Andhadhun. Quite smartly named. And the Dhun is mellifluous, we must admit. But in an askew way!
Featuring what can be arguably called Ayushmann Khurrana’s strongest performance till date, Andhadhun unfolds in three strikingly different backdrops. One is a lavishly spread residence of a former film-star, the second one is a make-do ashram for the physically handicapped and the third one being a pub. The only common objects are a piano and a blind piano man, curating soulful melody with ease.

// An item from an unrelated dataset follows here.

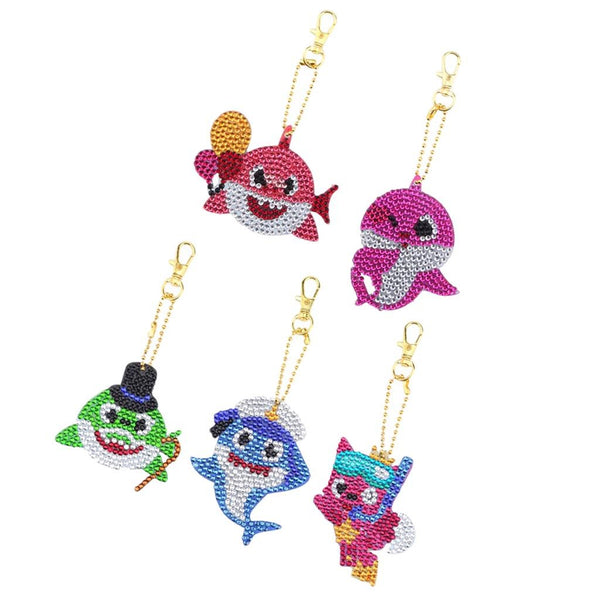 5D Diamond Painting Keychain Underwater Animals 5 Pieces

And then, fate brings Akash (Ayushmann) to Sophie (Radhika Apte) who is immediately drawn to his spontaneous charm and the soul of an artiste. Just when we think an unusual love story is about to blossom, strikes Tabu, a star-wife who wants to make it big herself. She brings with herself an extra-marital affair, tons of confusion and a brain as sly as a fox. After a nail-biting two and a half hours, we could safely say Sriram Raghavan is Bollywood’s answer for quality thrillers!
This film is an absolutely well-done amalgamation of humour, thrill, romance and some really abruptly dark laughter that usually don't make it to Bollywood films. You can’t really count the number of times that twists take the story forward, but you savour every bit of it. Besides Ayushmann, Tabu has as well served a winning performance, rightly complemented by Manav Vij and Radhika Apte.
But the true winner is Raghavan, along with the high-class screenplay he has churned out. Andhadhun is the best written film in a long time, aptly making space for all its elements, never letting it go overboard, never allowing cheap thrills and always keeping you on the edge of your seats. That’s how thrillers should ideally be, unless we ruin them and turn them into an unnecessarily gory affair.
One can’ help but appreciate how the music is the soul of this film. Not just songs, not just the sequential tunes and definitely not just the mere background score. Raghavan has picked masterpieces from a number of music composers including RD Burman’s and has masterfully incorporated them into his own plot. Hence, the blind musician runs his fingers through the piano, swiftly creating music that enchants. Music, in fact, is the only constant companion of every sequence that needs verbal communication and every scene that does not. Amit Trivedi is an effortless winner here!